_Task objective_. An exact copy of all the data is required.

_Supplied data_.
::::::::

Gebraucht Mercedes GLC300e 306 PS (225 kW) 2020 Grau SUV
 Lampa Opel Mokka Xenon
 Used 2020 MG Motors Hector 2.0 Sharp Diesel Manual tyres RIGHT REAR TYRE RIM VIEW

::::::::

_Answer space_.
Gebraucht Mercedes GLC300e 306 PS (225 kW) 2020 Grau SUV
 Lampa Opel Mokka Xenon
 Used 2020 MG Motors Hector 2.0 Sharp Diesel Manual tyres RIGHT REAR TYRE RIM VIEW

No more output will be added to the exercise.